Niitsitapi (Blackfoot)

Long before the arrival of the newcomers, Naapi gambled in the mountains. He used a special song and was able to win all the black waters flowing down from the eastern slopes. This is Kitaowahsinnoon, what sustains us... this is what we call our Blackfoot territory. It encompasses everything from the North Saskatchewan River here in Alberta, to the Yellowstone River in Wyoming, and from the Rocky Mountains far east to the Great Sand Hills in Saskatchewan. Other tribes belong to different waters, but this is our place, and it's been that way for thousands of years.

During certain seasons, especially in the summer, our way of life involved being on the move, A'pawaawahkao'p. There were places we went to hunt buffalo, and others where we got elk. There were special places abundant in berries, and lakes where we could easily harvest waterfowl eggs.

Everywhere we moved was for a purpose, and we would camp in the same areas every year.
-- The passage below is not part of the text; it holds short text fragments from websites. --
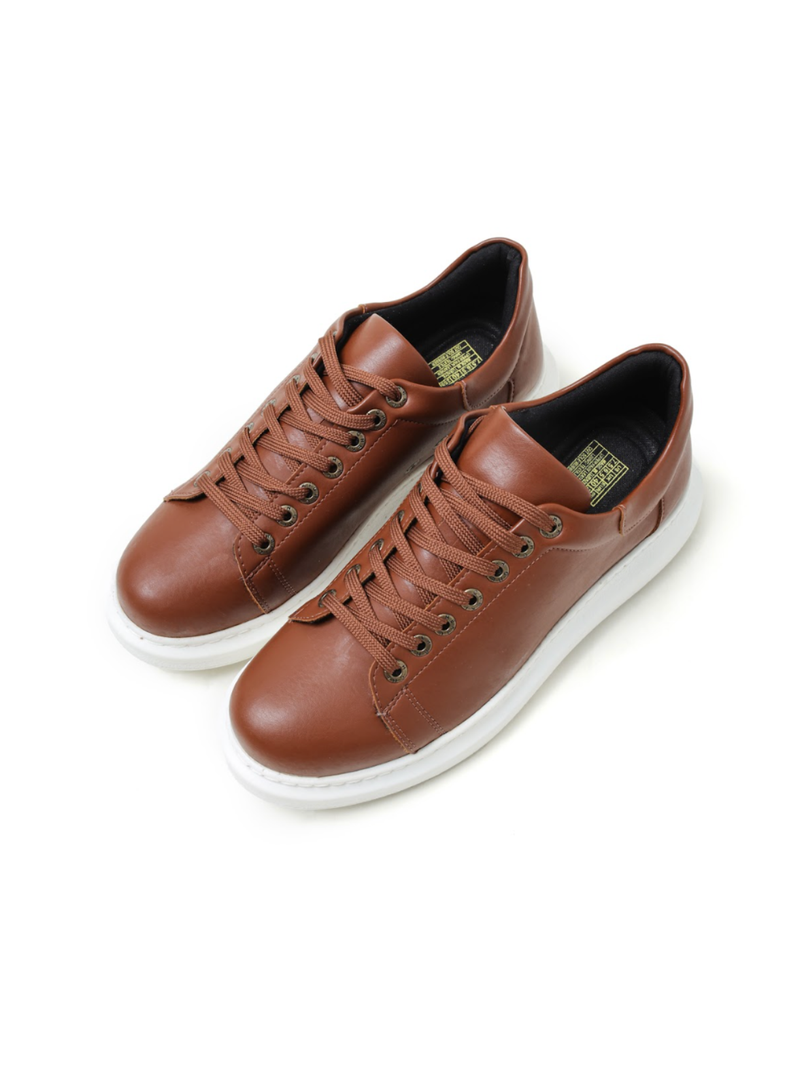 Men's Pluto Earthy Brown-6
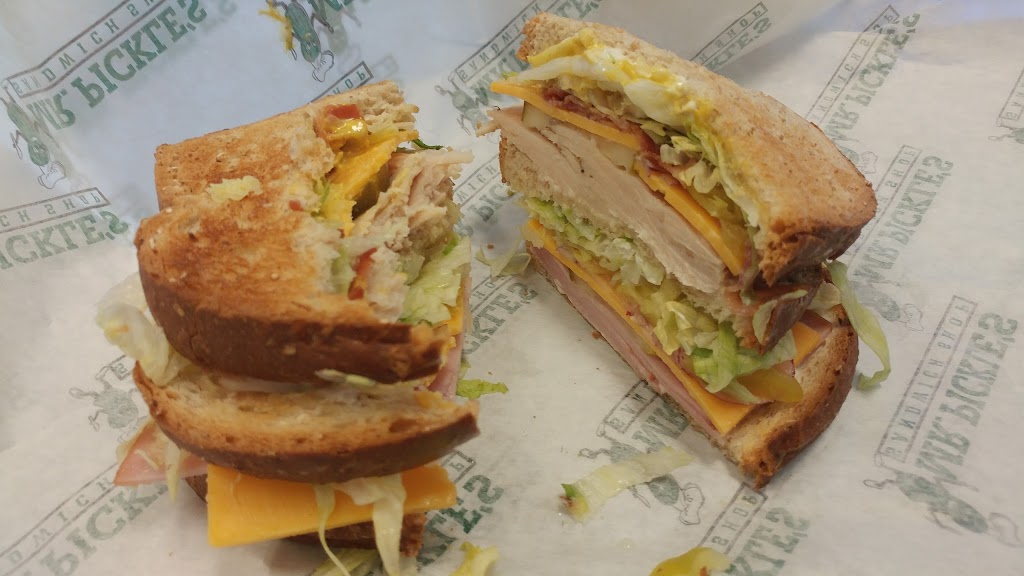 Mr. Pickle’s Sandwich Shop - San Ramon, CA 94583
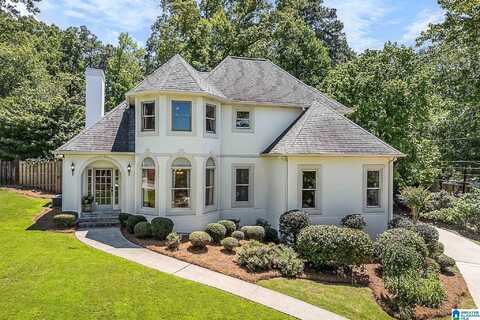 3400 DANNER CIRCLE, VESTAVIA HILLS, AL 35243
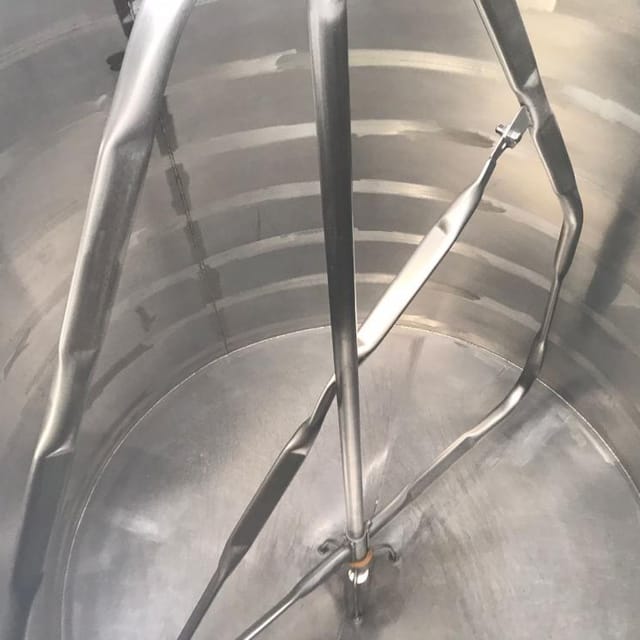 Емкость Я1-ОСВ-2,5 инв.11485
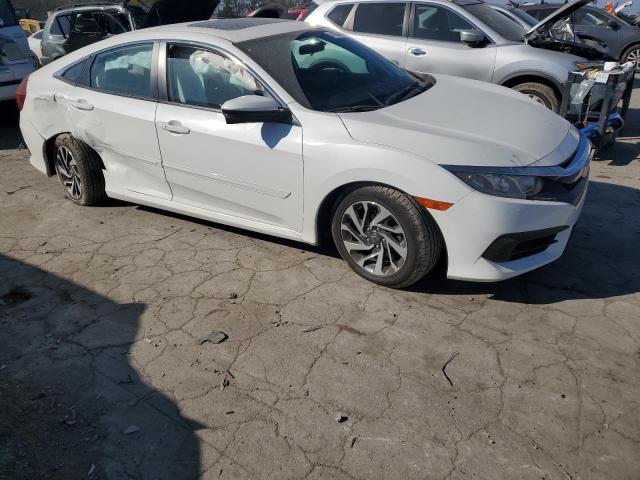 2HGFC2F76GH524651 - 2016 HONDA CIVIC EX WHITE photo 4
We would mark these locations with rings of stone, Momma'pis.

With the arrival and settlement of newcomers in the 1860s the traditional way of life of the Niitsitapi – the Siksika, Kainai, Piikani, and Amskapi Pikuni Nations – changed.


A Blackfoot dancer in traditional dress performing at an event at Fort Whoop-Up.

The entrance to the tepee set up in the courtyard of Fort Whoop-Up


American Traders

After the US Civil War ended in 1865, young men flooded into Montana in search of gold and other ventures. Settlement expanded into the newly created Montana Territory.

Canada joined in Confederation in 1867, and western Canada – the “Northwest Territories” as it was then known – was transferred to the young Dominion. However, the government had no real presence in the west.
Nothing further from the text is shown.